YOUR TASK =>
Below are some records. Write out the line that contains "Верующие в Неаполе, Италия." and all lines after it, exactly, but not the pictures.

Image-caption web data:
__________________________________________________
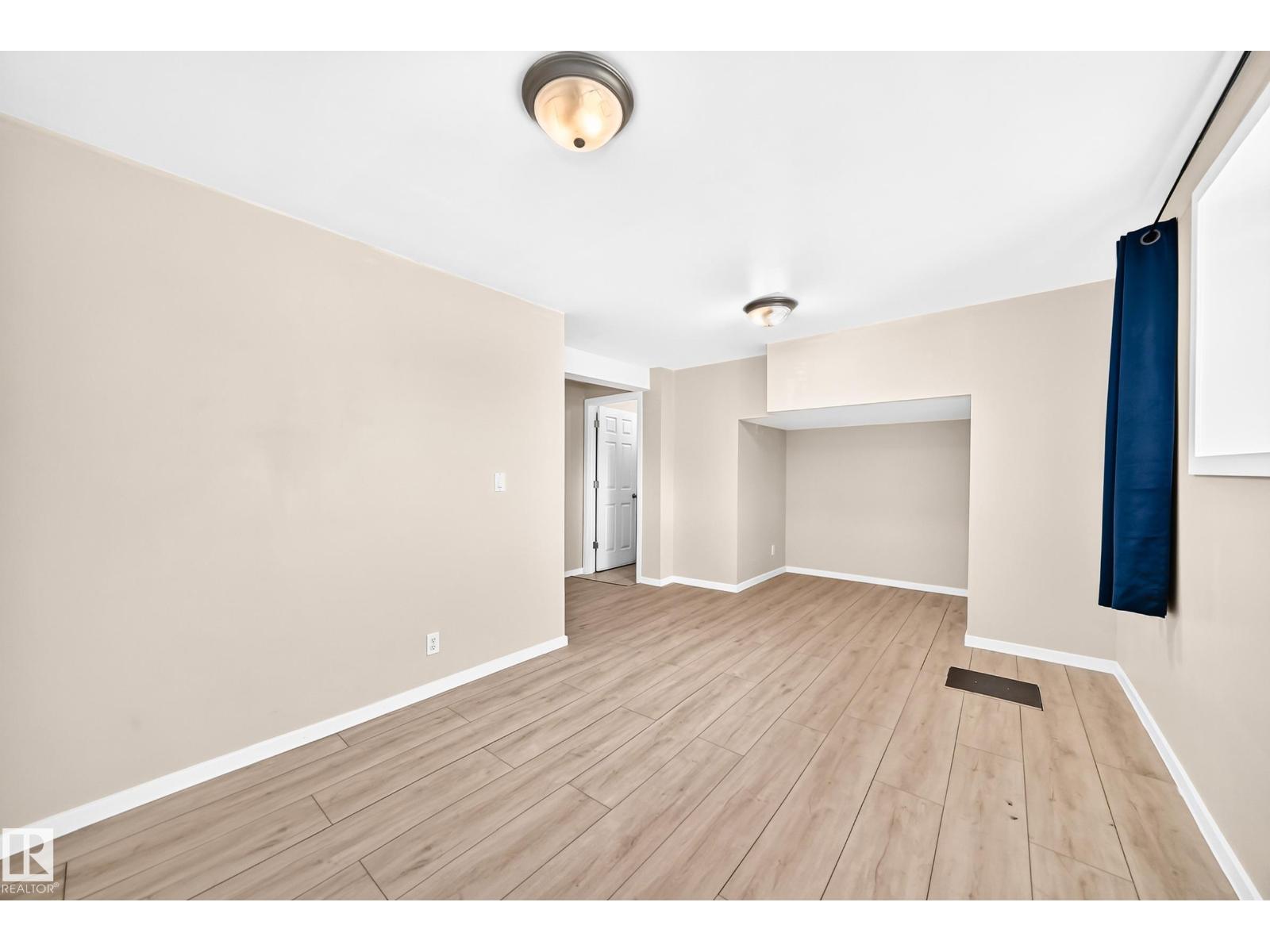 9518 106 AV NW - Image 36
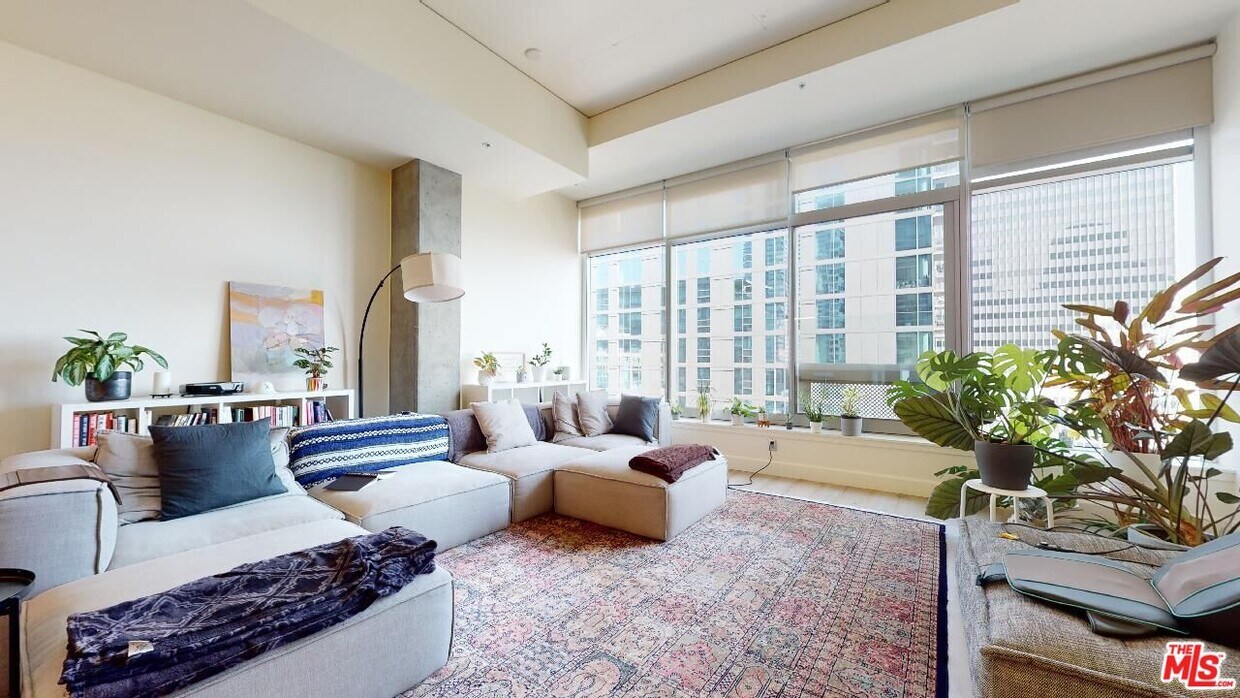 Foto principal - 1155 S Grand Ave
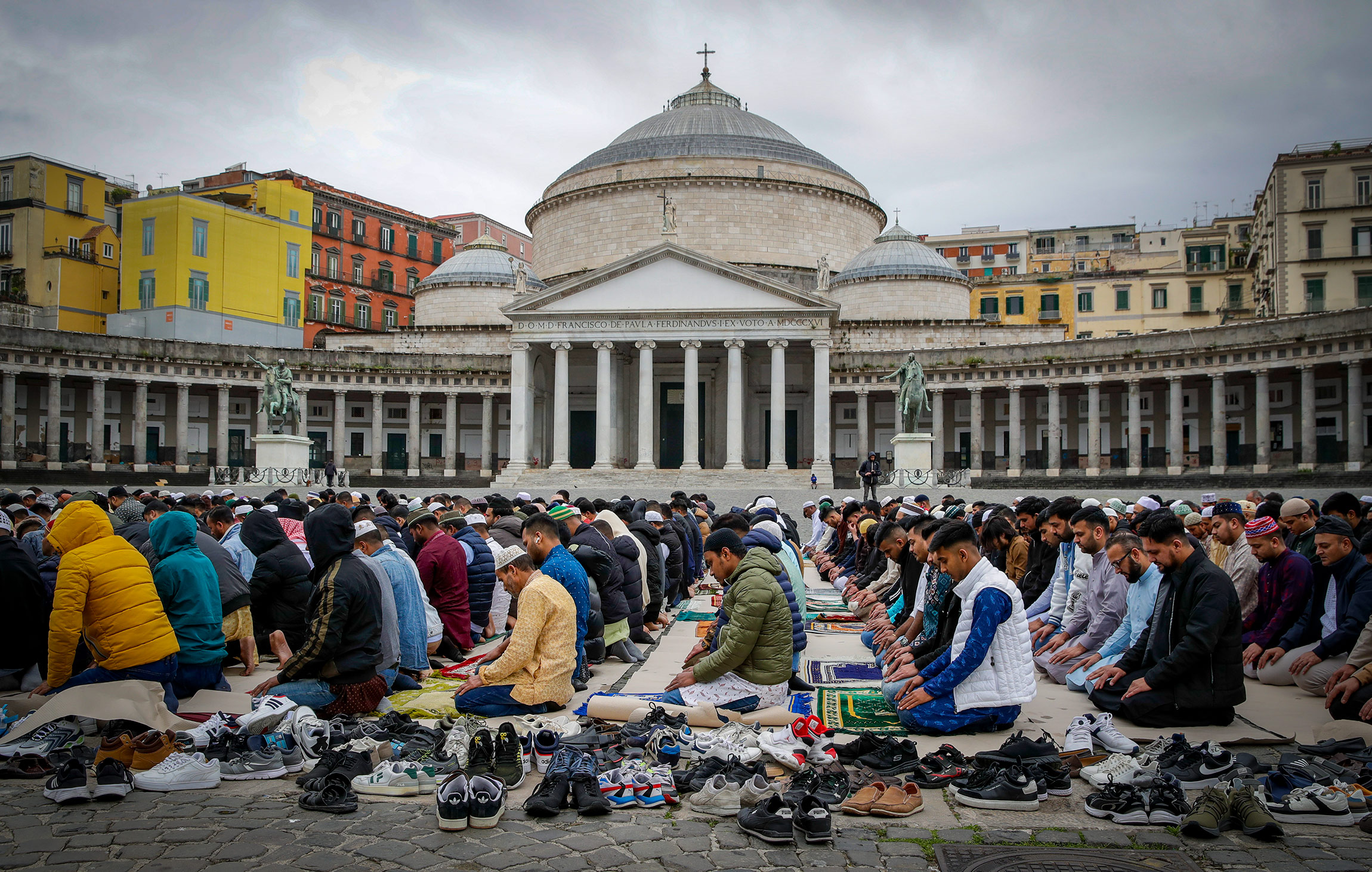 Верующие в Неаполе, Италия.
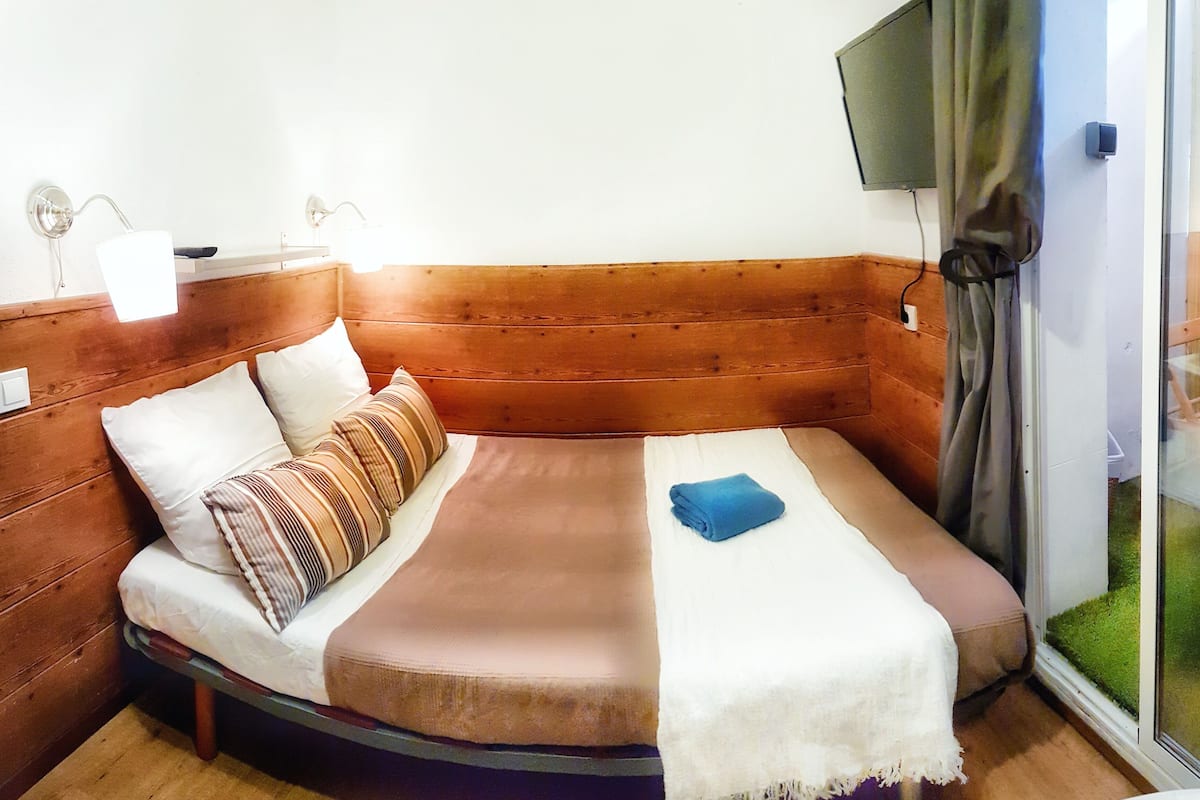Blackout curtains, iron/ironing board, free WiFi, bed sheets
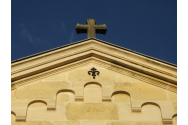 Patru români au furat aproape 1 milion de dolari din 636 de biserici din SUA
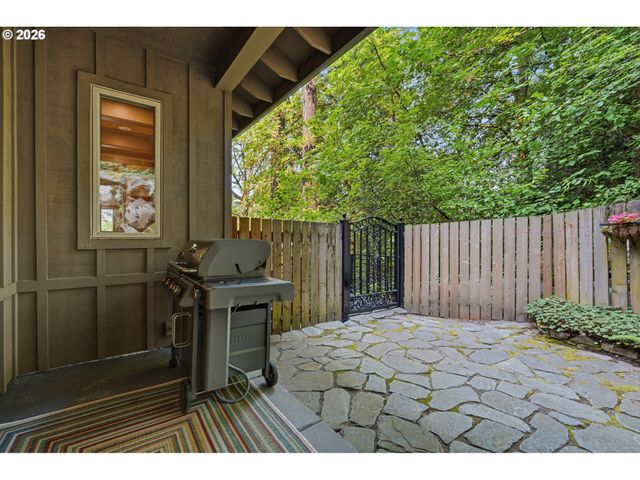 17410 UPPER CHERRY Ln, Lake Oswego, OR 97034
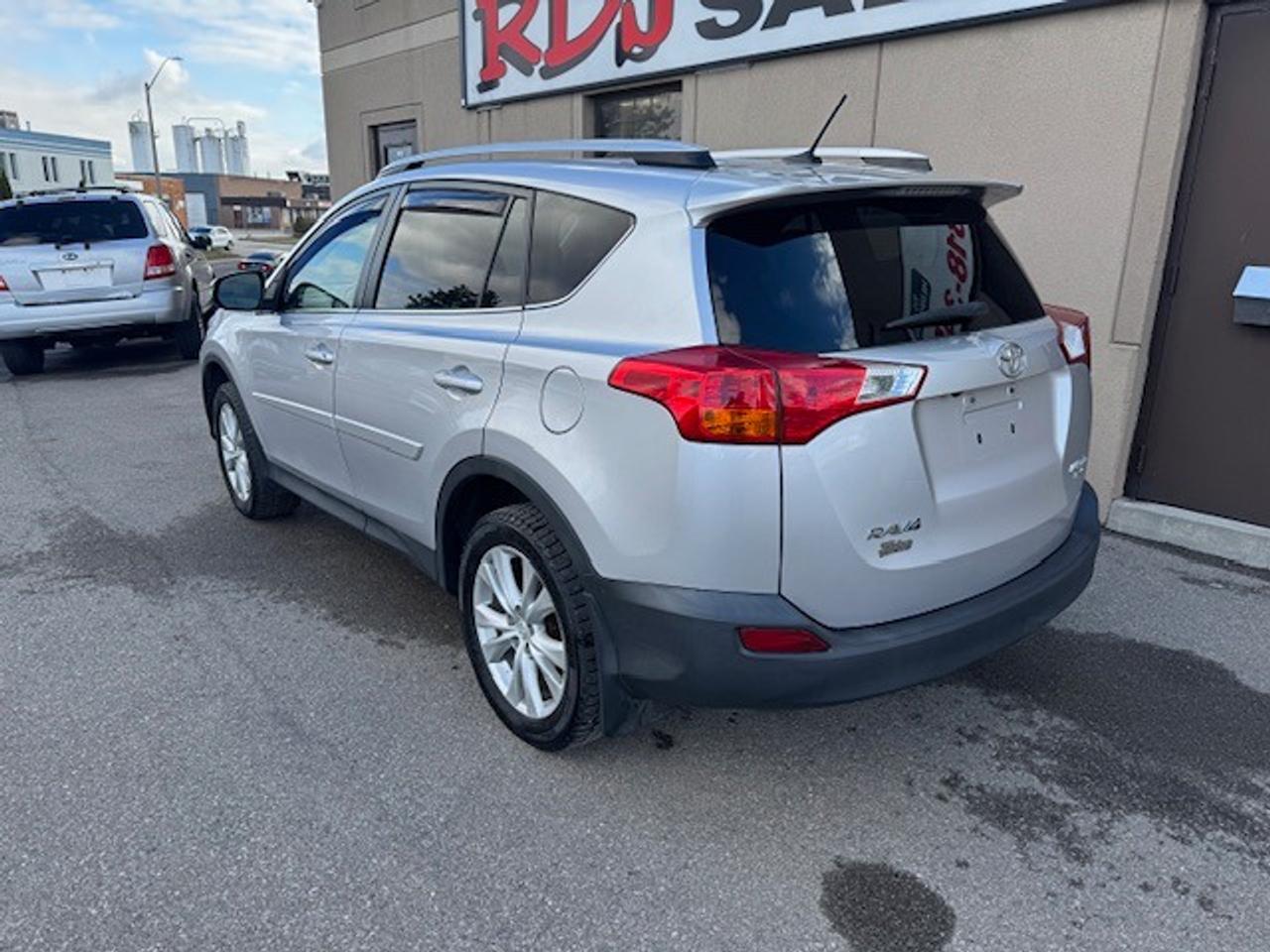 2015 Toyota RAV4 AWD 4dr Limited ACCIDENT FREE Photo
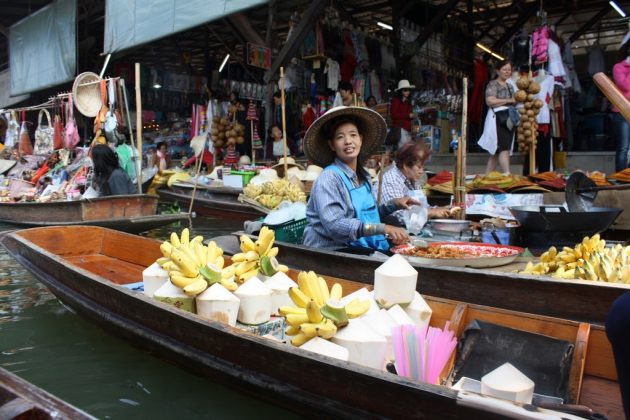 Damnoen Saduak floating market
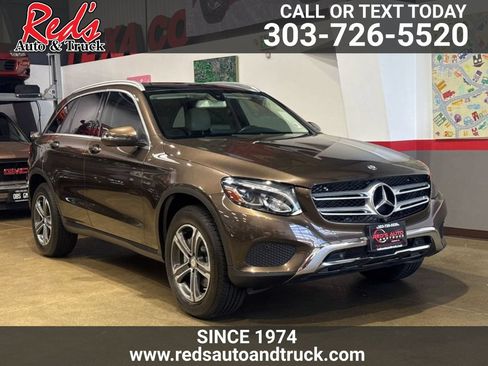 Used 2017 Mercedes-Benz GLC 300 4MATIC image 1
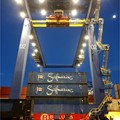 Εγκατάσταση φωτισμού γερανογέφυρας στην Cosco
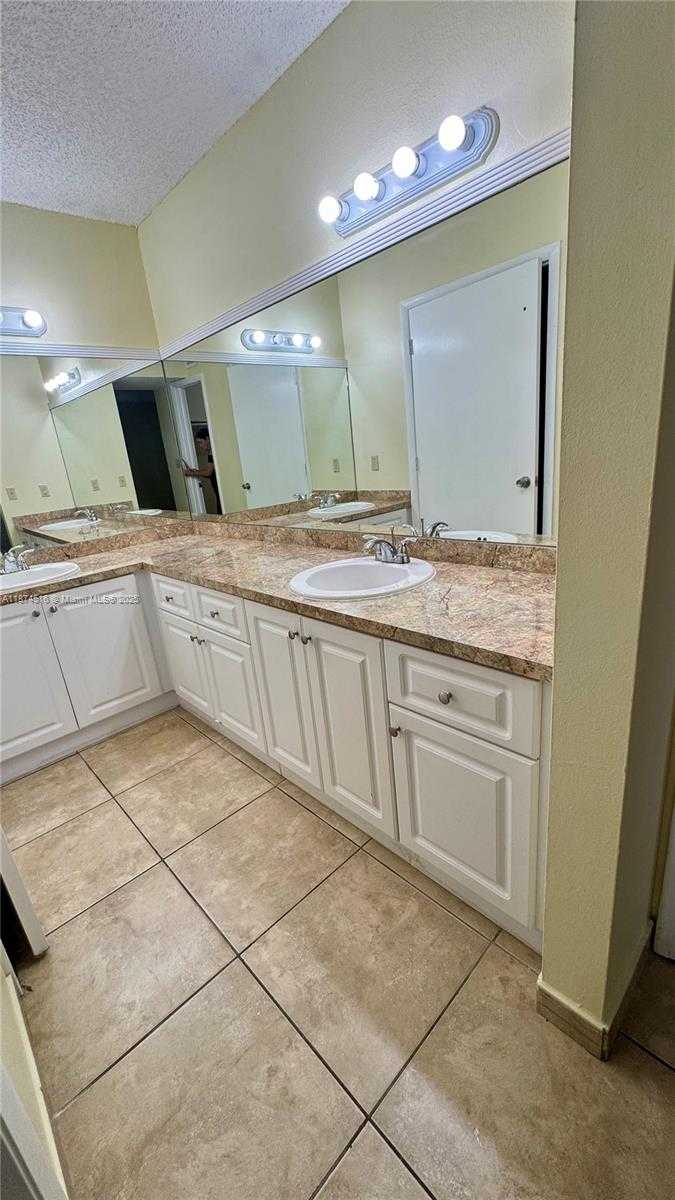 Small Image of 1350 SOUTH WEST 122ND AVE #313, Miami Number 14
__________________________________________________
ANSWER BOX =>
 Верующие в Неаполе, Италия.
Blackout curtains, iron/ironing board, free WiFi, bed sheets
 Patru români au furat aproape 1 milion de dolari din 636 de biserici din SUA
 17410 UPPER CHERRY Ln, Lake Oswego, OR 97034
 2015 Toyota RAV4 AWD 4dr Limited ACCIDENT FREE Photo
 Damnoen Saduak floating market
 Used 2017 Mercedes-Benz GLC 300 4MATIC image 1
 Εγκατάσταση φωτισμού γερανογέφυρας στην Cosco
 Small Image of 1350 SOUTH WEST 122ND AVE #313, Miami Number 14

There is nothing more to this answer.